Finding Stability Within Change
Chapter Sixteen - Balance Is Not Static
For a long time, I believed that balance was something to achieve.
I thought that if I meditated enough, ate the right foods, followed the seasons, and lived in alignment with Ayurveda, one day I would finally arrive at this place called "balance". I imagined it as a destination. A finish line. A place where life would become easier, calmer, and somehow remain that way.
And for a moment, I found it.
I remember feeling deeply grounded and centred. My mind felt clear. My body felt strong. My heart felt open. I felt connected to myself and to the world around me.
Then the seasons changed.
I did not change with them.
And just like that, I felt myself fall out of balance.
As the years have passed, I have realised that balance is not something we find once and hold onto forever. It is not static. It does not stand still, and it certainly does not wait for us.
Sometimes our hormones shift. Sometimes our emotions change. Sometimes we eat foods that do not nourish us in the way we need. Sometimes life itself arrives with such force that we are thrown completely off course.
One moment we can feel grounded and stable, and the next we can feel overwhelmed, exhausted, anxious, or disconnected.
This used to frustrate me.
I would think, "But I was doing so well. What happened?"
What happened was life.
Because life is movement.
The seasons move. The body moves. The mind moves. Relationships move. Circumstances move. Everything around us and within us is constantly changing.
Then one day, I realised something that changed the way I understood healing.

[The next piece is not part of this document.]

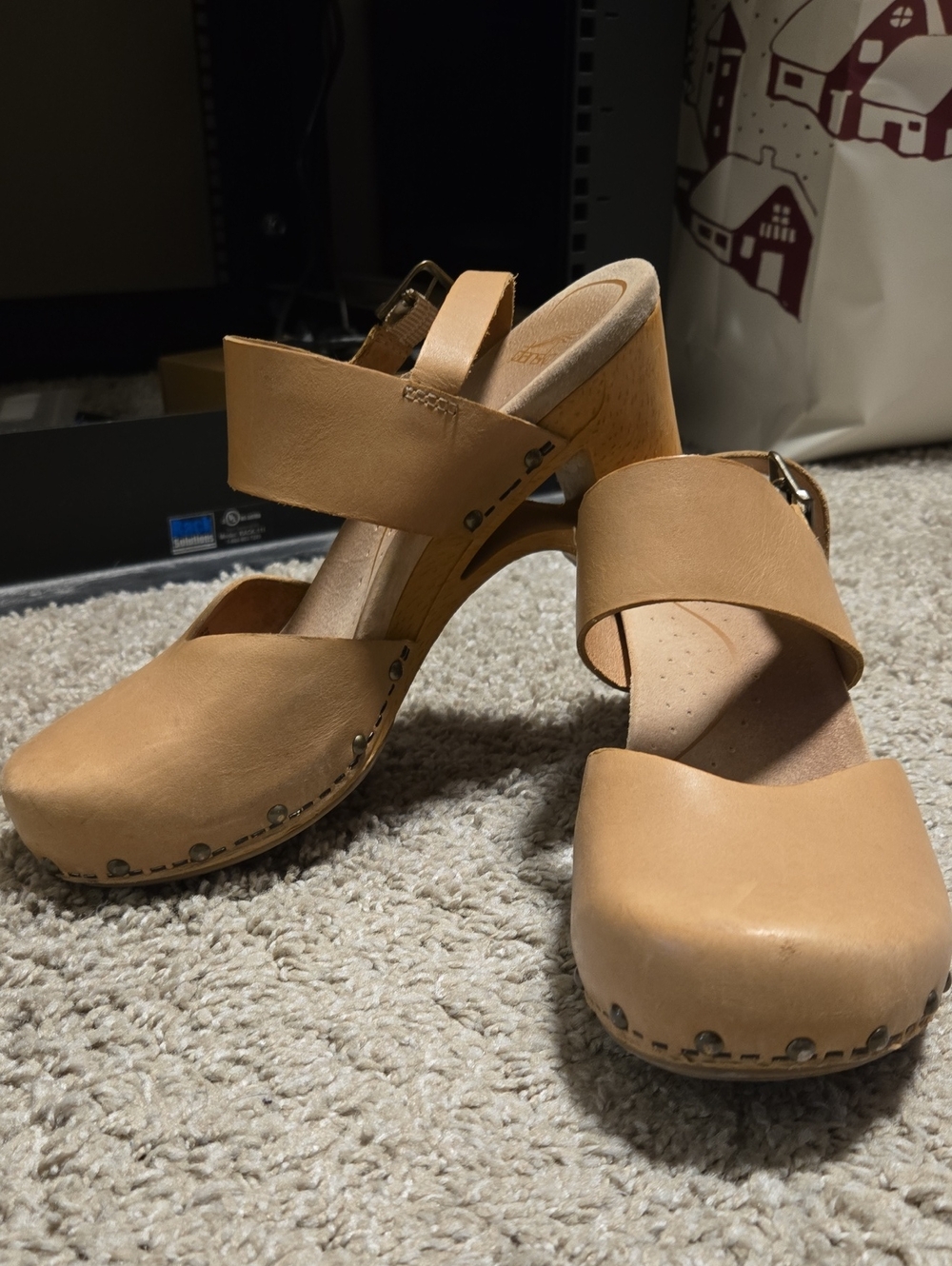 Women’s Tan Leather Clog Sandals with Ankle Strap Dansko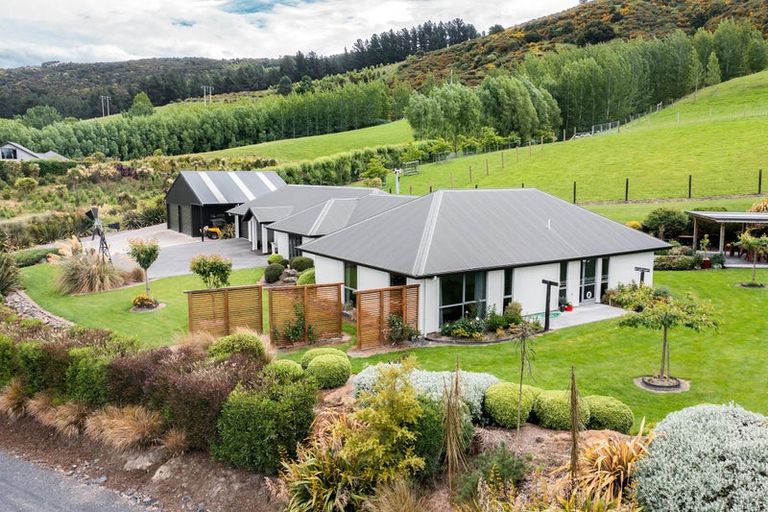 Photo of property in 36 Tara Hills Drive, North Taieri, Mosgiel, 9092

Balance is not about remaining still.
Balance is about learning how to move.
Over the years, I have noticed that although life is constantly changing, it also follows rhythms and patterns. There are rhythms within our digestion, our emotions, our hormones, our seasons of growth and rest. There are rhythms in nature and rhythms within our own consciousness.
When I begin to understand these rhythms, I no longer fight against change. Instead, I learn how to move with it.
If I notice that my digestion is struggling, I can adjust my food, herbs, and daily routine. If I notice emotional patterns or old triggers arising, I can respond with compassion rather than judgement. If I understand that winter asks something different of me than summer, I can honour that invitation instead of resisting it.
I remember the years when I felt like I was being constantly thrown by the waves of life. Every challenge felt overwhelming. Every setback felt like failure. Every time I thought I had finally figured life out, something changed and I found myself beginning again.
But over time, something beautiful happened.
I stopped trying to control the ocean.
Instead, I learned how to ride the waves.
Now, when life changes, I still feel the movement. I still lose my footing at times. But I no longer fear it in the same way. I recognise the signs. I understand the rhythms. I know how to support myself as I move through them.
Balance, I have come to believe, is not a destination.
It is a relationship.
A relationship with our body.
A relationship with our mind.
A relationship with nature.
A relationship with change itself.
And perhaps the most important lesson of all is this:
Healing begins with gentleness.
Not with force.
Not with perfection.
Not with getting it right all the time.
But with the willingness to return to ourselves, again and again, with compassion.
Balance is not static. It is an ever-changing, ever-evolving inner rhythm that requires deep understanding, awareness, and support. It asks us to listen closely to its subtle movements, its gentle whispers, and the quiet ways it speaks through change.
I write this because I wish to share that the first step towards any healing journey is gentleness towards oneself. To understand that healing takes time. To recognise that every moment we return to ourselves is, in itself, an act of healing.